Kelly Thompson is running a poll to find the greatest female comics creators. You should go vote if you haven’t.

Here’s my list fwiw, from most best to slightly less best (they’re all writer/artists.)

1.Ariel Schrag
2.Edie Fake
3.Ai Yazawa
4.Remedios Varo
5.Lilli Carré
6.Moto Hagio
7.Tove Jansson
8.Rumiko Takahashi
9.Kara Walker
10.Marley

I tried not to think about this too, too much, since I tend to think these lists are pretty arbitrary anyway. Edie Fake uses the pronoun he, but he’s told me he identifies as a woman, so I think it makes sense to include him. Remdios Varo and Kara Walker aren’t usually thought of as comics people, but I think they’re work can both be seen in the tradition of cartooning. Lilli Carré’s most amazing work in comics is arguably in the gallery setting as well. Marley isn’t much known, but I adore it…and I think my essay about her may be the one Comixology column I haven’t brought over to HU? Maybe I’ll post it here tomorrow.

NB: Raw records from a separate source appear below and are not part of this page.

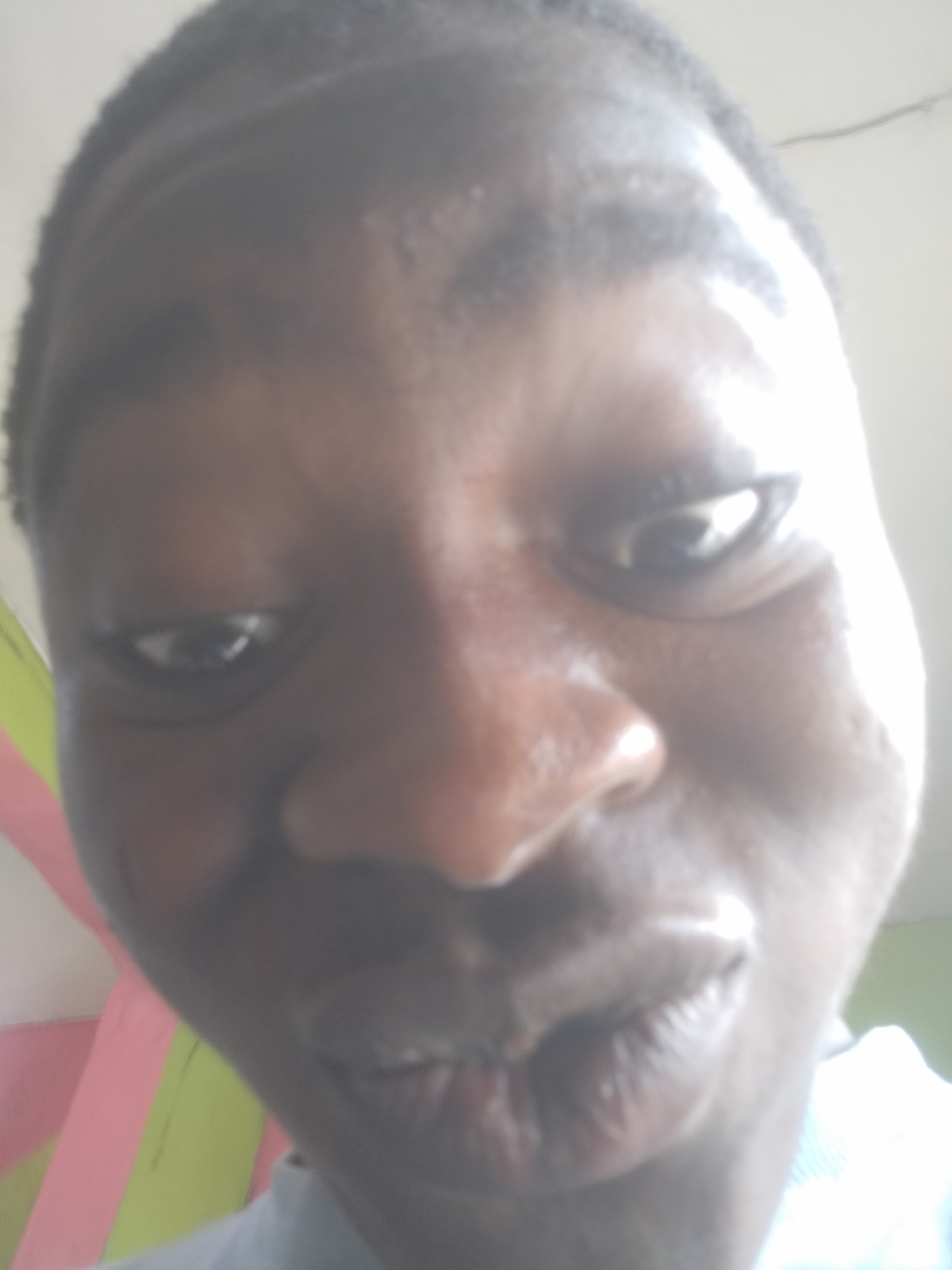 A close-up headshot of a dark-skinned person with short hair is shown. The person is looking slightly downward and towards the camera. The background is out of focus, but suggests an indoor setting with indistinct colors and objects. The exact location within the city of Unknown, Unknown is not discernible from the image.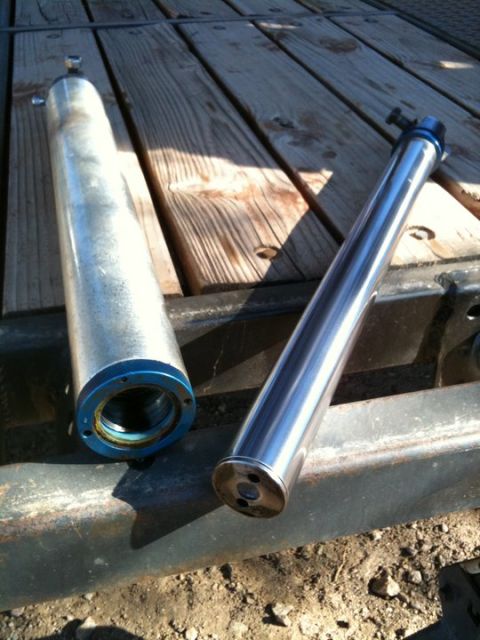 1966 Ford Bronco - Two shock absorbers are displayed on a wooden surface, with a watermark for Supermotors.net visible.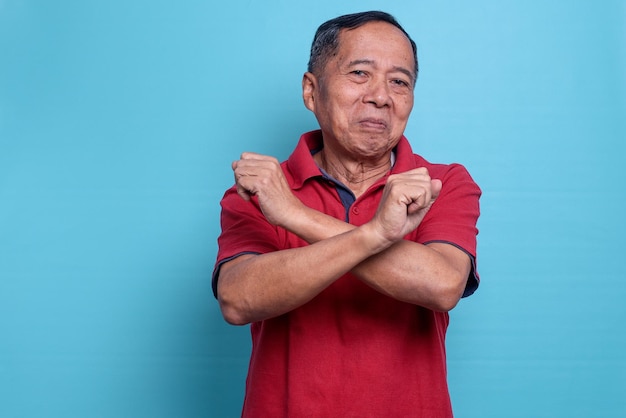 Starszy Azjat pokazujący gest odrzucenia, skrzyżując ręce i dłonie, robiąc znak negatywny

None of these are superhero creators or webcomics folks, so I doubt any of them will make the final CBR list (except maybe Rumiko Takahashi?), which I think will be tilted to capes and a Kate Beaton or two. I suspect Gail Simone will top the writers list…not sure who would win the artists? Amanda Connor maybe?

Folks might be interested in the list of female comics artists who made HU’s all time greatest list a few years back. Feel free to list your picks below if you’re so moved (but vote in the real poll too!)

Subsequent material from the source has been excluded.